In the normal course of events, wild horses couldn’t drag the Taoiseach in front of a television camera. Enda is to TV appearances what a vampire is to daylight - put him in a studio with an interviewer and he crumbles to dust.
His people reckon he’s grand on his own, though. Hence last night’s address to the nation - even though Enda had nothing new to say.
But there was nobody to ask him any awkward questions either.
He looked very tired. He sounded very tired.
The speech was filmed in a room in Government Buildings. The setting was slightly different to the last time the Taoiseach spoke directly to the people.
Two flags in one corner - the Irish flag to the fore, in full view. Beside it, the EU flag, but only a small bit of it showing just two stars.
To signify, perhaps, that we are standing on our own two feet again. (It remains to be seen whether we yet have a leg to stand on in the wider economic sense.)
Last time, Enda sat behind a desk. This was most disconcerting, because his hands were glued to it and it distracted from what he had to say.
The handlers made sure this didn’t happen again. If the Taoiseach was behind a desk, we weren’t to know, as he was only in the frame from the chest pocket up. Mind you, his arms never moved, so it’s a safe bet to assume that his hands were still tethered.
Did we say he looked wrecked?
Because he did. Perhaps it was the trip to Japan catching up on him. Perhaps it was to show the toll the last three years has taken. Because the message of bailout weekend has been unrelenting: we have all made sacrifices.
There wasn’t a hint of tinsel or a Christmas bauble in sight. Given that we can hold our heads high in Europe again, a tiny bit of festive cheer wouldn’t have gone amiss.

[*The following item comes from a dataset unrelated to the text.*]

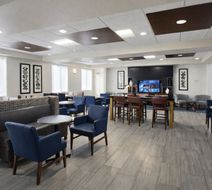 Holiday Inn Express Hotel & Stes Winner Exterior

Afterall, as downbeat Enda told us, this morning “Ireland will again stand as a full member of the
Euro Zone - with the same rules, obligations, supports and opportunities as all other member states.”

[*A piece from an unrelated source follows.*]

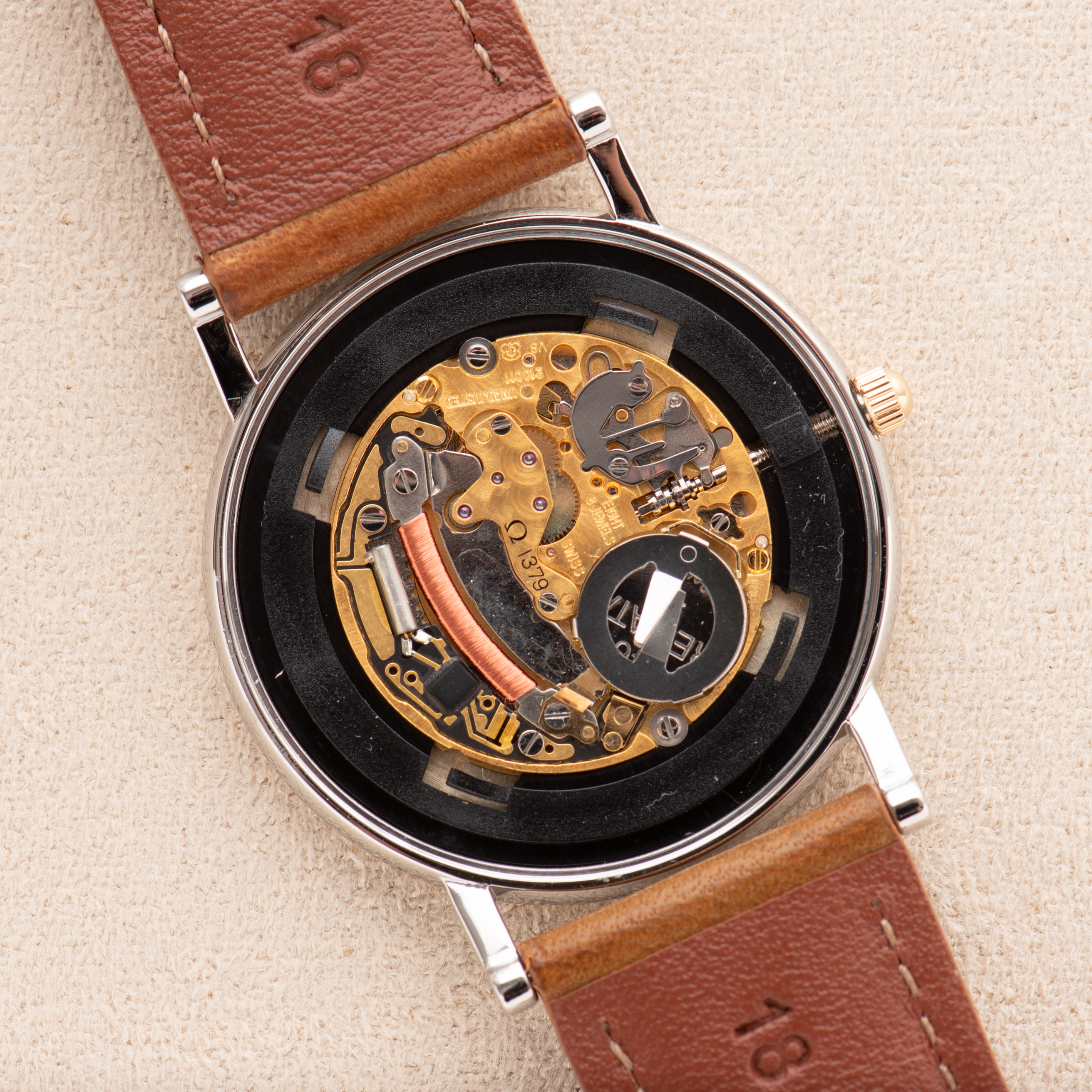 View of Omega De Ville Quartz Gold Steel Creme Dial Réf 196.2379 Full set from 1/09/1995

They will be able to wear their Irish European Presidency ties with pride again. Once they’ve been washed.
Actually, we’re wrong on the tinsel front. The opening and closing scenes of Government Buildings by night showed the Christmas tree in full twinkling glory in the courtyard and what looked like an enormous illuminated harp on top of the roof.

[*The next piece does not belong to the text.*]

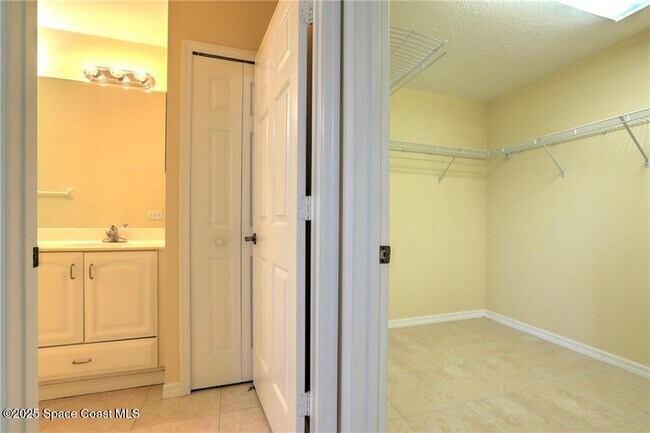 Building Photo - 8626 102nd Ct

Or maybe Diageo sponsored the broadcast.
“Ireland is now moving in the right direction” said a pinched and weary looking Enda.
A few hours earlier, on the early evening news, the Tánaiste said the same sort of thing. This is an equal opportunity exist from the bailout, and the coalition partners are taking it in turns not to make a big deal out of our bailout exit.
Eamon Gilmore was also very keen to thank the people for making a sacrifice for their country - whether they wanted to or not.
He mentioned the latest plan, and the Taoiseach elaborated on it in his broadcast. It’s “a new medium term economic plan that lays out the road ahead for our country.”
And, thank God, there will be “pillars.”
According to Enda there will be “two central pillars” which indicates there may be many other supporting planks.
But back to the Taoiseach’s second state of the nation address.
His tone of voice and up and down nature of delivery provided the only Christmassy touch - reminiscent of Frank Kelly’s Twelve Day’s of Christmas song.
Over Enda’s left shoulder, viewed through an open door into the next room, was the slightly hazy light of a table lamp. The light at the end of the tunnel, perhaps?
And behind the other shoulder, on a sidetable, was an earthenware pot.
Returned to us by the Troika so Ireland now has a pot to piss in again.
A great source of national pride.
There was a bit on the banks in Enda’s address. “The banks must do more” he said.
Not for the first time.
But we must be positive.
“Internationally, our good name and our credibility have been restored” said the Taoiseach.
Exiting the bailout sends out “a powerful signal internationally, that Ireland is fighting back, that the spirit of our people is as strong as ever.”
His government is going to continue to work increase employment and “grow the economy.”
They are committed - as the script of Enda’s speech put it - “to work, might and mane [sic], to finish the job that you entrusted to us.”
That’ll hamper Michael Noonan somewhat.